# Introduction and a bit of creative advice please!



## hammer (May 18, 2020)

Hi, my name is Phill and I am trying to improve a large lawn in a house that I have lived in for 5 years. It's starting to get there, but it takes an age because it's quite big. Approx 750 sq m.

I am currently trying to improve the edges at the borders and beneath the privet hedge that runs around the garden.

I do usually cut the borders with a half moon without trying to eat into the lawn too much each year. However there is one border in particular where the soil slopes down onto the grass so I can't get much of an edge to the lawn. And for a few meters of the border the soil is above the height of the grass so it kind of rises above it. I'm not sure if you can see in the pictures.
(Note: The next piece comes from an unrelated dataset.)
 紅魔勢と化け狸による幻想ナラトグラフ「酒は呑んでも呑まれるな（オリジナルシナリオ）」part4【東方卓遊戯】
Also I would like to make a neat edge below the hedge. Does anyone have any experience with doing this? There is a lot of hedge to deal with!


----------



## Bug pumper (Jul 2, 2018)

The plants are very close to the edge of the bed leaving you little room to edge the beds. I think the only option is to expand the bed roughly 6'' so you can cut an edge in and slope the bed down to the bottom of the trench.


----------



## cbagz (May 12, 2020)

What I would do is take a flat shovel and from the red line side insert the shovel in the ground at about a 45 degree angle all the way down along the hedge. Then youre going to come back and repeat the process from the blue line all the way down. You dont have to go very deep with the shovel but that angle should help to create a somewhat gradual slope along the bed to help define the bed edges.


----------